No announcement yet.
  • Filter
  • Time
  • Show
Clear All
new posts

  • boottest ~100X faster after IV/GMM

    Prompted by commentary from James MacKinnon, I completely rethought and reworked how boottest performs the wild bootstrap after IV/GMM--more precisely, how it performs the Wild Restricted Efficient bootstrap of Davidson & MacKinnon (2010). On my benchmark, the Steven Levitt criminology example at the end of the "Fast and Wild" paper about boottest, it is now 233 times faster! This change is distinct from the ~10X speed-up after OLS

    The main things you need to know if you use boottest, or are boottest-curious:
    • One new change can slightly affect results, specifically the bounds for confidence sets--and not just after IV/GMM. I switched to a different search algorithm for pinpointing CI bounds (Chandrupatla 1997). In the bootstrap, the p value as a function of the trial parameter value is a step function when viewed at high resolution: it can only take values n/B where n is an integer and B is the number of bootstrap replications. As a result, when searching for the cross-over point for, say, p = 0.05, values in a small range are equally valid. The new algorithm happens to settle on slightly different points. These discrepancies disappear as you increase the number of replications.
    • The new version is available on SSC with
      ssc install boottest, replace
    • The release history back to 2017 is preserved on Github. To install an old version do
      net install boottest, replace from(
      where X.Y.Z is the version number, such as 3.1.0.
    The big idea behind the update is to exploit the Frisch-Waugh-Lovell theorem to reduce the dimensionality of the estimation problem. As explained in Fast & Wild, when performing a wild bootstrap on an IV/GMM regression, all of the endogenous variables will see their values change from replication to replication. And, whereas in OLS there is only one endogenous variable and the estimator beta = (X'X)^-1 X'Y is linear in that variable, in IV/GMM, there are more endogenous variables and the estimator is nonlinear in some of them, the instrumented variables. E.g., delta = (Z'MZ)^-1 Z'MY where Z is the regressor set, which includes endogenous variables. This nonlinearity gets in the way of the optimization tricks I developed for the OLS wild bootstrap.

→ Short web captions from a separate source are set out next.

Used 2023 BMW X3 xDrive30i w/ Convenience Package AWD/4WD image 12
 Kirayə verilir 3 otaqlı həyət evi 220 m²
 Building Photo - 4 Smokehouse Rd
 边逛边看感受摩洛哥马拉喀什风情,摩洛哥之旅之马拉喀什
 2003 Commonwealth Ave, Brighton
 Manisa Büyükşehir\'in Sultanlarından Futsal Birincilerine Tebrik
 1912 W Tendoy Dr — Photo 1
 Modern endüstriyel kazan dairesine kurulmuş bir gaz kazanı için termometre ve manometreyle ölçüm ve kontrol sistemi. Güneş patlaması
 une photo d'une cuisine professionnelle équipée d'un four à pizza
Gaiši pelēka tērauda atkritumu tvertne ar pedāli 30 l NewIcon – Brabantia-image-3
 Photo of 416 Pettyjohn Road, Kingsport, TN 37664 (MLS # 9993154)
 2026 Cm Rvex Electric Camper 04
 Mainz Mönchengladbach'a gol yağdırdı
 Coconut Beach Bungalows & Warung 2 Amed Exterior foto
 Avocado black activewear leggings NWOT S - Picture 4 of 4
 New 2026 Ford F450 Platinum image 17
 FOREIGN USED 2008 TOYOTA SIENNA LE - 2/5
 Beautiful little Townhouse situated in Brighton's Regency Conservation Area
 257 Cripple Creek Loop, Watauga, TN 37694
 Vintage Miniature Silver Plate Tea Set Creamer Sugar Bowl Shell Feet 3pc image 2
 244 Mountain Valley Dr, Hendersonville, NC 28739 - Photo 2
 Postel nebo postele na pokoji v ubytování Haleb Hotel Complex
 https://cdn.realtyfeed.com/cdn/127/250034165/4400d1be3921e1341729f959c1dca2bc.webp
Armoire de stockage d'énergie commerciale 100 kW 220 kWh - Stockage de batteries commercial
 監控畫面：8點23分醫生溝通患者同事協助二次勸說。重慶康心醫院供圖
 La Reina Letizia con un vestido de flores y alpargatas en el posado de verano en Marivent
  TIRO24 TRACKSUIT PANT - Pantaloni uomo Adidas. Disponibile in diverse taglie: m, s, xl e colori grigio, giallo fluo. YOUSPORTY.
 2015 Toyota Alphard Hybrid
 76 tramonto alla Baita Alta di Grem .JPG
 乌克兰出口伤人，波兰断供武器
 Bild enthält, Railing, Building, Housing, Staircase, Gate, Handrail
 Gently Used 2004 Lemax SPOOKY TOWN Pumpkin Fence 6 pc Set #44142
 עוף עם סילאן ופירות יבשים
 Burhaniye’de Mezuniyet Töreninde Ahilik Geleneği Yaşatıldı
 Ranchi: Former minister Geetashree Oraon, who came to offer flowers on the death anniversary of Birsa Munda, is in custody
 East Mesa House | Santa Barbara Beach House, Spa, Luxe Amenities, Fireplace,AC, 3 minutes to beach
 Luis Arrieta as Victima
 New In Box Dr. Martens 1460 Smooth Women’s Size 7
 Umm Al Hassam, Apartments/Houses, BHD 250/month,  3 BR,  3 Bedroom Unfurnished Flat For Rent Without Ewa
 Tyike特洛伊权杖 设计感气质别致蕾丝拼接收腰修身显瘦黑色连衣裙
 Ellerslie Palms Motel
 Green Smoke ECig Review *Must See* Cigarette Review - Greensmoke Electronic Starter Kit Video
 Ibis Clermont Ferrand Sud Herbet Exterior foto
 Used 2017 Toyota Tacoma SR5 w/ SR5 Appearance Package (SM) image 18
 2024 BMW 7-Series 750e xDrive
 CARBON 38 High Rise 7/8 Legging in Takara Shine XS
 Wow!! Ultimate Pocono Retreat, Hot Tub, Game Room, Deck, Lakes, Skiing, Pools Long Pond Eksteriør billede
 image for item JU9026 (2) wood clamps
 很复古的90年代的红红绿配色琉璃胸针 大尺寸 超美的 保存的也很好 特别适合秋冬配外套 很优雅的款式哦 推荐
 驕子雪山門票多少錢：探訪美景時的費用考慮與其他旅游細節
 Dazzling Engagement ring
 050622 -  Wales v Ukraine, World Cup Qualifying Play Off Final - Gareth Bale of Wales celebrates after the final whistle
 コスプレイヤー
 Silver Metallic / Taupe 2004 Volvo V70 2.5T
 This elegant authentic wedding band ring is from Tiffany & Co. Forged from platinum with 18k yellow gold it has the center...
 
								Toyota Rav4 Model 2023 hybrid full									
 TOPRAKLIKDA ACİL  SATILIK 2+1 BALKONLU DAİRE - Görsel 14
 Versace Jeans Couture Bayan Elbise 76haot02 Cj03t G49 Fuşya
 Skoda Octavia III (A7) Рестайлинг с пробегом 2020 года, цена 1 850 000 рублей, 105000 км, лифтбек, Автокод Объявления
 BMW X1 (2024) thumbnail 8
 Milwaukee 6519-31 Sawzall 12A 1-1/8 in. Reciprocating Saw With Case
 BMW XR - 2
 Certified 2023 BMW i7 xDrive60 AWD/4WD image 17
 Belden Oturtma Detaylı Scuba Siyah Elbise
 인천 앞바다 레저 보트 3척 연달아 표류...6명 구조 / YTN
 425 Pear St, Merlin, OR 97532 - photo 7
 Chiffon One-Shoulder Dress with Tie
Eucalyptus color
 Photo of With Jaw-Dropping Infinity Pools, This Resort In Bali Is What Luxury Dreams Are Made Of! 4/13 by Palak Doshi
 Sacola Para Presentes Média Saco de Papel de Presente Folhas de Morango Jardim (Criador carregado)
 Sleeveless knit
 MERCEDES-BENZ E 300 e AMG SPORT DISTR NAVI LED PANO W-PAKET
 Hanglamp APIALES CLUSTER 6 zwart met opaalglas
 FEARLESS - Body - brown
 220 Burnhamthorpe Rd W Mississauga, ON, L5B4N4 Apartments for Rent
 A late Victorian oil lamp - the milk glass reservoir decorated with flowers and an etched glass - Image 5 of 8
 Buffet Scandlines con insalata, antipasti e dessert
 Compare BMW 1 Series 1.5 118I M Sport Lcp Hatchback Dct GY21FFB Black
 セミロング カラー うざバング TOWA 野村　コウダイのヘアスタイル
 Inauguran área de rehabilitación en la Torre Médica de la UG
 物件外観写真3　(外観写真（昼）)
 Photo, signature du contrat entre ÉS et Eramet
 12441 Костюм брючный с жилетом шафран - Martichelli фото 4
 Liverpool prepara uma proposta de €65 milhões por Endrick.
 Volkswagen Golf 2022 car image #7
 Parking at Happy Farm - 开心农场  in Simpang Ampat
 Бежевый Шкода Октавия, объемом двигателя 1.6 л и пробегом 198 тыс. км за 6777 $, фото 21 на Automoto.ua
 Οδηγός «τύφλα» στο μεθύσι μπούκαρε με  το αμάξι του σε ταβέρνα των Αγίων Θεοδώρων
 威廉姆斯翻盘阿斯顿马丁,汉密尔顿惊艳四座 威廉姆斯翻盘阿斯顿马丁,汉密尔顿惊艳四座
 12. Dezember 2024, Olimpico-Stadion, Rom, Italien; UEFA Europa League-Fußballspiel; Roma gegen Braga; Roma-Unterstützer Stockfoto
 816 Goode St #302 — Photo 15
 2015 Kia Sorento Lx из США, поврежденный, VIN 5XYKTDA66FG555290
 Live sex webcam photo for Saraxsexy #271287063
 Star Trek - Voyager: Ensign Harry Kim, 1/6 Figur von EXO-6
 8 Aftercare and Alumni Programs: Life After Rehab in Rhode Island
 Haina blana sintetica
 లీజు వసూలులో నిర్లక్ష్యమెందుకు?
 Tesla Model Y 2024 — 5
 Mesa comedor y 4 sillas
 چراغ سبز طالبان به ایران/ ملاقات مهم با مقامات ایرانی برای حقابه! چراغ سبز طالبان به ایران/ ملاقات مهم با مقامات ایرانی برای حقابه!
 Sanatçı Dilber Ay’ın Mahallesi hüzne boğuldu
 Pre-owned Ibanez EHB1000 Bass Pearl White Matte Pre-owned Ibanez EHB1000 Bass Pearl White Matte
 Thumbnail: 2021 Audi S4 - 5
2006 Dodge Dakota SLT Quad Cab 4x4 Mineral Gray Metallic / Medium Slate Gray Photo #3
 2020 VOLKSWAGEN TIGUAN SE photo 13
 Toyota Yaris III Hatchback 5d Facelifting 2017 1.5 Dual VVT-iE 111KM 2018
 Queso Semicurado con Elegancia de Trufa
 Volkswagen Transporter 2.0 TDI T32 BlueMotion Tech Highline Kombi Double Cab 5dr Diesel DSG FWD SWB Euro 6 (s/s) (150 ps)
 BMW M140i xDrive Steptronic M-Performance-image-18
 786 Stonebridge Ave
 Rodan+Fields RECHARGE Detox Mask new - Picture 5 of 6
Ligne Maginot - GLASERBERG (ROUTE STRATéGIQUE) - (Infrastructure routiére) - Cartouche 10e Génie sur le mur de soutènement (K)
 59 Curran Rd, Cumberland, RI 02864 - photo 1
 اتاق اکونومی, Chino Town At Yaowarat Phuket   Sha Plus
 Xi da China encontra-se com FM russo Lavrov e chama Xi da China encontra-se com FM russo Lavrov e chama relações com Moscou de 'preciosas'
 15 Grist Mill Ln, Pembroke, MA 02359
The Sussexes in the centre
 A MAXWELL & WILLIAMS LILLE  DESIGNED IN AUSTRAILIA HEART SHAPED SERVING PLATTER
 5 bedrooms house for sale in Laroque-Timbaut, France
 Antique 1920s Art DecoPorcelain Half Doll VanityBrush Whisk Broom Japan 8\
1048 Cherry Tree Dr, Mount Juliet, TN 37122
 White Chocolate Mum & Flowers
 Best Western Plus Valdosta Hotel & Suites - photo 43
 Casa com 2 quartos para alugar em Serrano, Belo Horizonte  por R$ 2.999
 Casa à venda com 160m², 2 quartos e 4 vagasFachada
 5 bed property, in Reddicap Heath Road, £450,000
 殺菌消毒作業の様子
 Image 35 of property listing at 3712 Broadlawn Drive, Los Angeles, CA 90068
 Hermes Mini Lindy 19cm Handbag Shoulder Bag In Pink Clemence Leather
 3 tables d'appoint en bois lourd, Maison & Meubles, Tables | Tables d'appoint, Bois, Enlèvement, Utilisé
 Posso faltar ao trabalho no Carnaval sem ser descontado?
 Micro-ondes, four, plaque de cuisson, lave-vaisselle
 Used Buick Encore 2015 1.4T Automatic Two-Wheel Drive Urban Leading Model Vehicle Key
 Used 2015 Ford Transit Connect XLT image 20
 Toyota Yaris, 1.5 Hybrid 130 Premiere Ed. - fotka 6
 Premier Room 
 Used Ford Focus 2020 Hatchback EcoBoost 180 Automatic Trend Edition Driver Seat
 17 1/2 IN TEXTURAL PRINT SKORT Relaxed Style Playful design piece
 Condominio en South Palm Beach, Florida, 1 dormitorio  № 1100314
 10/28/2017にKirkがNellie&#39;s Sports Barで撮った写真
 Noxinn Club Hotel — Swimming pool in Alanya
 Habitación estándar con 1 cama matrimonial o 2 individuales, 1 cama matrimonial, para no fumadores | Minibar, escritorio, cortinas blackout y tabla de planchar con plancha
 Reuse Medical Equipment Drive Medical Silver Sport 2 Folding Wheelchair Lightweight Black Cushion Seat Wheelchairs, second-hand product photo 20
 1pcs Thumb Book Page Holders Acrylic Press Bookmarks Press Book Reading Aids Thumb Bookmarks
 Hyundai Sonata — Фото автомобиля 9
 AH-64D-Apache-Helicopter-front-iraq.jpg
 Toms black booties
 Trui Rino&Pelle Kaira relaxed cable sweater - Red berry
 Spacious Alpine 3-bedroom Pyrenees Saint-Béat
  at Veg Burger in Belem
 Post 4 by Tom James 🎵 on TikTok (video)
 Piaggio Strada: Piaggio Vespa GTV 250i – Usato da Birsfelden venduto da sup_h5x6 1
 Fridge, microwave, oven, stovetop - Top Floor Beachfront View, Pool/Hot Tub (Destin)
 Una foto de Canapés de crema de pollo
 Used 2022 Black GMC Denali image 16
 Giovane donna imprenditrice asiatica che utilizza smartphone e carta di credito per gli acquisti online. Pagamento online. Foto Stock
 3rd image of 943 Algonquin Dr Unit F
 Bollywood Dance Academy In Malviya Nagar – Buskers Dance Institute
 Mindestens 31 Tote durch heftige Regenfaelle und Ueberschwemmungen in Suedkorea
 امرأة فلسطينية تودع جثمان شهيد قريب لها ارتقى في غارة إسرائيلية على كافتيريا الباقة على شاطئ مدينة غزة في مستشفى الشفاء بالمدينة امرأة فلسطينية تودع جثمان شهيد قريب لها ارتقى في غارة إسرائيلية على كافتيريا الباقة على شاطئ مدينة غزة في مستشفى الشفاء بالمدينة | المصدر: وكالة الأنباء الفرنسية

    What I realized is that by partialling out a control set that consists of, say, 100 exogenous dummy variables, the dimensionality of the estimator can be reduced during bootstrap replication. Then the matrix to be inverted and multiplied each time, Z'MZ, could be 1x1 instead of 100x100. The cost is that on each replication, the partialled-out variables must also be partialled out of the bootstrap versions of the endogenous variables. But this is a linear operation, of the the sort that occurs when wild-bootstrapping OLS, which I already knew how to speed up.

    The surgery was radical, so please let me know if you run into problems.
    Last edited by David Roodman; 15 Mar 2021, 09:45.

  • #2
    Dear David,

    My version is 3.1.0. The help file said that it does not support linear GMM regression. May I ask if there is any way to get bootstrapped confidence intervals after GMM regression?

    Great thanks.


    • #3
      You can use Stata's bootstrap prefix command. Equivalently, some Stata commands accept vce(bootstrap). These will do a nonparametric bootstrap. For GMM, this has the advantage that the GMM weight matrix will be recomputed on each bootstrap replication, which boottest never did.


      • #4
        Dear David,

        Thanks for your suggestion. I tried the bootstrap prefix command, and it arose the error
        "repeated time values within panel
        the most likely cause for this error is misspecifying the cluster(), idcluster(), or group() option".

        I search a bit on this issue in this forum, but I couldn't find a solution for GMM estimation.